A story called Diesel misconceptions is deceptively extolling the virtues of diesel. Negative marketing?

Consider the following analysis, for example:

Diesel engines power half the passenger vehicles sold in Europe but almost none here. Stricter U.S. clean air regulations have meant that – until recently – they were simply too dirty to be sold in the most populous U.S. states, including California, New York and New Jersey. This virtual shut-out means that American drivers have little experience with modern diesel engines.

First of all, nearly all heavy machinery and trucks on the road today are diesel. Experience with modern diesel engines? I think they could break down the numbers a bit more transparently. Many people in America have experience with diesel engines, but what they don’t have is any sexy marketing or CNN articles telling them diesel is one of the top ten choices they should be making.

Second, the reason they have been “dirty” is because unlike the gasoline counterparts that were heavily regulated and forced to clean up their act in the 1980s, diesel technology was ignored. This makes the “until recently” comment ironic. There was no regulation until recently that classified diesel emissions as too dirty for the most populous states. And, back to my first point, it should be obvious why the populous states led this controversial campaign.

This article does what it can to pretend to explain the current status and facts of diesel, but I think there is a more obvious reason that Americans do not think about diesel as their next technology of choice. Consider the following two articles on the same CNN site:

Six cars to survive the fuel crisis: These days, you no longer have to choose between saving gas money and getting the ultimate in car safety. more

The 8 most fuel-efficient cars These cars will squeeze the most miles out of your fuel dollar. more

Neither story includes a single diesel vehicle.

Lame.

Why is that? The diesel cars qualify easily. And I am not even talking about the next generation of technology about to reach the US. I’m talking about diesel engines from 2005.

Page one of the second story has a Honda that gets “28 miles per gallon-equivalent of compressed natural gas”. Who would want that instead of a diesel that easily gets more than 30mpg. Strange, eh?

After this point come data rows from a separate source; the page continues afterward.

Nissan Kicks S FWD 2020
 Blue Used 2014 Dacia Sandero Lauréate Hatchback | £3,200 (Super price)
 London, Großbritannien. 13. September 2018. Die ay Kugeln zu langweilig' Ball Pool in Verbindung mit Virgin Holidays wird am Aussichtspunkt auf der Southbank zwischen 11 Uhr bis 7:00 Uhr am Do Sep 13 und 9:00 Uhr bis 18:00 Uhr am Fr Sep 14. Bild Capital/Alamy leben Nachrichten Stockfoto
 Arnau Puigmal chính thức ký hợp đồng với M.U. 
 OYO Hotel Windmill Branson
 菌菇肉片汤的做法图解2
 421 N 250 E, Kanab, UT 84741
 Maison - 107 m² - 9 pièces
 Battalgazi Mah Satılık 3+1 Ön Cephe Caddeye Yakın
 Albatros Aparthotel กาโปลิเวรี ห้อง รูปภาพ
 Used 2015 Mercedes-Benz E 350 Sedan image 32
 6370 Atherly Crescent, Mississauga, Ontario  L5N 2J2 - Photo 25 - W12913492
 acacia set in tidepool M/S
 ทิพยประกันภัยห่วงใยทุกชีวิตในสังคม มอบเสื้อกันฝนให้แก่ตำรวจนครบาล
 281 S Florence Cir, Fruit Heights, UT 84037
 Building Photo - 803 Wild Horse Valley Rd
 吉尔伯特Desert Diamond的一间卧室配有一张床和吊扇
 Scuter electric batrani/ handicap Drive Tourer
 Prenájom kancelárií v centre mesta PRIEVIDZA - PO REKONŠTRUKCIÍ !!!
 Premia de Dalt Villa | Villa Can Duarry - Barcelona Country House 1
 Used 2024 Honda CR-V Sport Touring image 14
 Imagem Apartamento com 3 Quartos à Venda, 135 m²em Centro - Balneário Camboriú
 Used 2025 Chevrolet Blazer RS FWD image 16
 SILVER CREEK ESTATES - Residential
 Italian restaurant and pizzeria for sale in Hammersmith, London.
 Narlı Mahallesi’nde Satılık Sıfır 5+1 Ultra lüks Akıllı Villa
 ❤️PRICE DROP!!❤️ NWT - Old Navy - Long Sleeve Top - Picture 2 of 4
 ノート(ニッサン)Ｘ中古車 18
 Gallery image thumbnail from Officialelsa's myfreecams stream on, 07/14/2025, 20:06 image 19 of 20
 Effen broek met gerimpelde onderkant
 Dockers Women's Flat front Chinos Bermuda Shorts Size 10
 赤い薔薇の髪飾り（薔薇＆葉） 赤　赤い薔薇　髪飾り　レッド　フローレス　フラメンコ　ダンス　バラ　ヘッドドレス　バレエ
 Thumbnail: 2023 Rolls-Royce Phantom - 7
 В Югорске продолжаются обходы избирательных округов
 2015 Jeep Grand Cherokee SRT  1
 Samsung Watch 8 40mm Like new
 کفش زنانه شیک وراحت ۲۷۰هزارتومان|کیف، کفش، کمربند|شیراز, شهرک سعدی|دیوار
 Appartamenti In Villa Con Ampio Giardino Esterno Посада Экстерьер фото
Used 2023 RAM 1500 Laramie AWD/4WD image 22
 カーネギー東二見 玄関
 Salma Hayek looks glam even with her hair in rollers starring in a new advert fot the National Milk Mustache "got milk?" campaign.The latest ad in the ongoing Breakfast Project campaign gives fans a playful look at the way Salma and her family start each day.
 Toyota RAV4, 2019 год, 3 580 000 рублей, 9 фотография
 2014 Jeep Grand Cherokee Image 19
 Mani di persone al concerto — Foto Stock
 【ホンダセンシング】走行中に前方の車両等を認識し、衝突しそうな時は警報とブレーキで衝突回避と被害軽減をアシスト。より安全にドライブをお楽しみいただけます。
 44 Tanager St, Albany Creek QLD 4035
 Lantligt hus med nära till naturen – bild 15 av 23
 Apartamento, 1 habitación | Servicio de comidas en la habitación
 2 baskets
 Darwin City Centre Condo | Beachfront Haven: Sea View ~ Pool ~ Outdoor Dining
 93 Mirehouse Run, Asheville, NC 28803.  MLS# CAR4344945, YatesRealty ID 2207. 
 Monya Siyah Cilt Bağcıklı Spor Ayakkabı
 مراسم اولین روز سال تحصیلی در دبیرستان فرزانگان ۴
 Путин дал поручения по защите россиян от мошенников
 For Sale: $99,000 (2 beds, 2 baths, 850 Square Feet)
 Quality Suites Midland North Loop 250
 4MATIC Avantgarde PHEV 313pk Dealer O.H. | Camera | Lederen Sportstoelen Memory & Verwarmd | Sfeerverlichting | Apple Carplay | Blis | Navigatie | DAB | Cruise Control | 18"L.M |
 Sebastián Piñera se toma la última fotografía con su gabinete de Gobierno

And then there is the Chevy Tahoe example in the first story: “What’s a full-sized SUV doing here? For starters, it’s a full-sized SUV that gets the same city fuel economy as a four-cylinder Toyota Camry.”

Yeah, 21mpg is a pig no matter how you slice it and it does not belong in the line-up. What’s the excuse?

But there are things the Tahoe can do that a mid-sized sedan just can’t. Besides being just plain bigger and roomier than a car, the Tahoe retains the full towing capacity of the non-hybrid version.

Let’s see the numbers, shall we? If mpg is an issue, combined with towing power, than diesel options make all the more sense to include.

Apparently CNN marketing/editors hate diesel. Strange.

The good news is that, if the Internet is any guide, the more dynamic market option (diesel) may prevail over the centrally planned ones (hybrid/battery, hydrogen, natural gas). While people could respond today to a survey that hydrogen is cool, because big sexy concepts are easy to see (like describing mountains instead of grass), the state of things could always change overnight when the time and money savings possible from a small diesel investment become clear due to the numbers.